Overview of the KDD Process

Reference: Fayyad, Piatetsky-Shapiro, Smyth, "From Data Mining to Knowledge Discovery: An Overview", in Fayyad, Piatetsky-Shapiro, Smyth, Uthurusamy, Advances in Knowledge Discovery and Data Mining, AAAI Press / The MIT Press, Menlo Park, CA, 1996, pp.1-34

What is the KDD Process?

The term Knowledge Discovery in Databases, or KDD for short, refers to the broad process of finding knowledge in data, and emphasizes the "high-level" application of particular data mining methods. It is of interest to researchers in machine learning, pattern recognition, databases, statistics, artificial intelligence, knowledge acquisition for expert systems, and data visualization.

The unifying goal of the KDD process is to extract knowledge from data in the context of large databases.

It does this by using data mining methods (algorithms) to extract (identify) what is deemed knowledge, according to the specifications of measures and thresholds, using a database along with any required preprocessing, subsampling, and transformations of that database.

An Outline of the Steps of the KDD Process

The overall process of finding and interpreting patterns from data involves the repeated application of the following steps:

Developing an understanding of
- the application domain
- the relevant prior knowledge
- the goals of the end-user
Creating a target data set: selecting a data set, or focusing on a subset of variables, or data samples, on which discovery is to be performed.
Data cleaning and preprocessing.
- Removal of noise or outliers.
- Collecting necessary information to model or account for noise.
- Strategies for handling missing data fields.
- Accounting for time sequence information and known changes.
Data reduction and projection.
- Finding useful features to represent the data depending on the goal of the task.
- Using dimensionality reduction or transformation methods to reduce the effective number of variables under consideration or to find invariant representations for the data.
Choosing the data mining task.
- Deciding whether the goal of the KDD process is classification, regression, clustering, etc.
Choosing the data mining algorithm(s).
- Selecting method(s) to be used for searching for patterns in the data.
- Deciding which models and parameters may be appropriate.
- Matching a particular data mining method with the overall criteria of the KDD process.
Data mining.
- Searching for patterns of interest in a particular representational form or a set of such representations as classification rules or trees, regression, clustering, and so forth.
Interpreting mined patterns.
Consolidating discovered knowledge.

The terms knowledge discovery and data mining are distinct.

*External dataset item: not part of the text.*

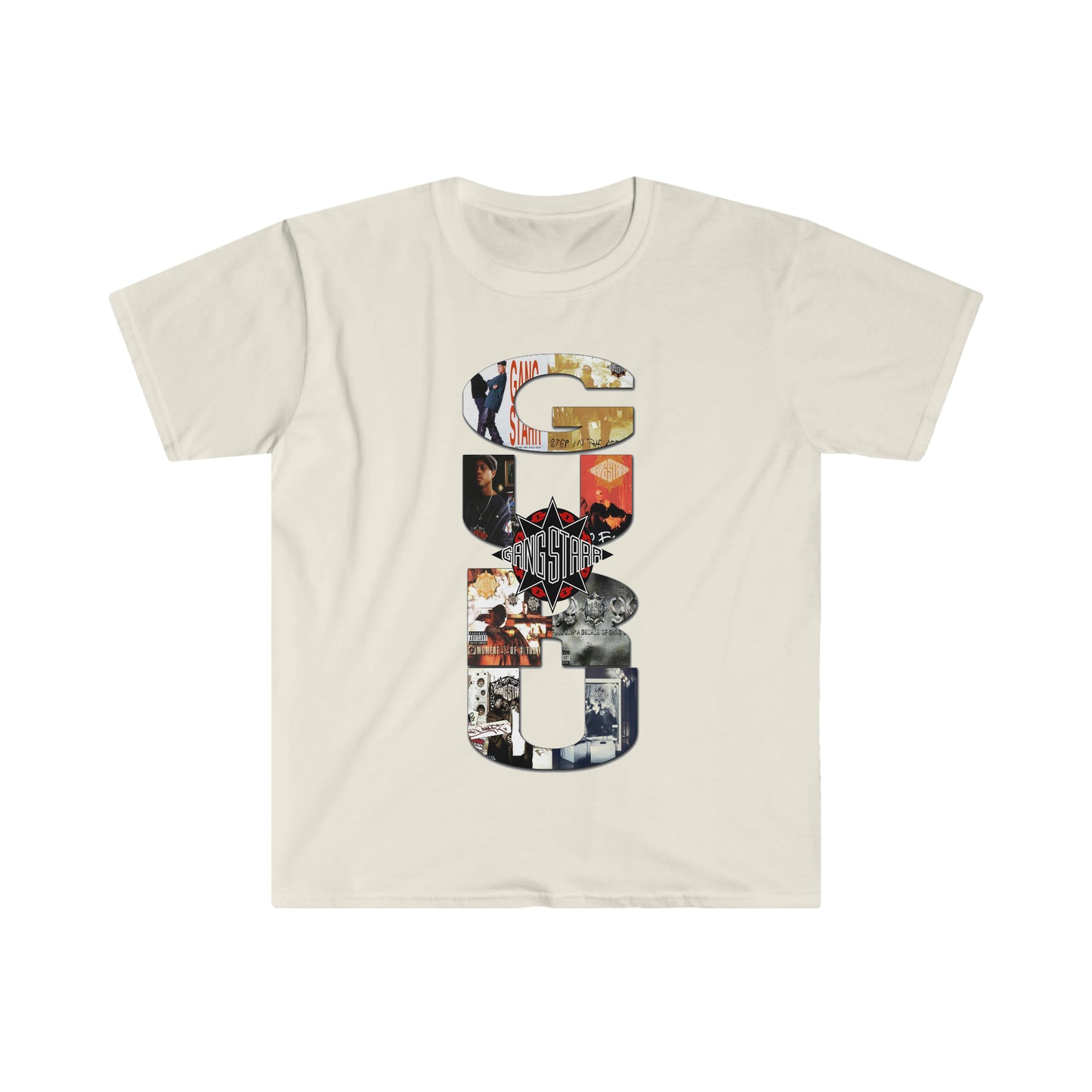 G to the U to the RU - Unisex Softstyle T-Shirt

KDD refers to the overall process of discovering useful knowledge from data. It involves the evaluation and possibly interpretation of the patterns to make the decision of what qualifies as knowledge. It also includes the choice of encoding schemes, preprocessing, sampling, and projections of the data prior to the data mining step.
Data mining refers to the application of algorithms for extracting patterns from data without the additional steps of the KDD process.

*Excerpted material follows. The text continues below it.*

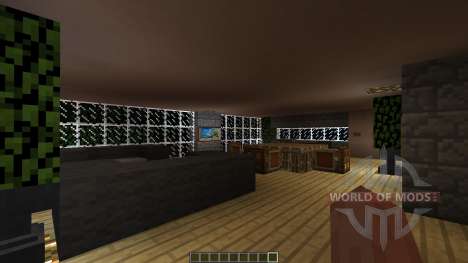 Modern Mansion para Minecraft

Definitions Related to the KDD Process

Knowledge discovery in databases is the non-trivial process of identifying valid, novel, potentially useful, and ultimately understandable patterns in data.

Data	A set of facts, F.
Pattern	An expression E in a language L describing facts in a subset F_E of F.
Process	KDD is a multi-step process involving data preparation, pattern searching, knowledge evaluation, and refinement with iteration after modification.
Valid	Discovered patterns should be true on new data with some degree of certainty. Generalize to the future (other data).
Novel	Patterns must be novel (should not be previously known).
Useful	Actionable; patterns should potentially lead to some useful actions.
Understandable	The process should lead to human insight. Patterns must be made understandable in order to facilitate a better understanding of the underlying data.

Interestingness is an overall measure of pattern value, combining validity, novelty, usefulness, and simplicity.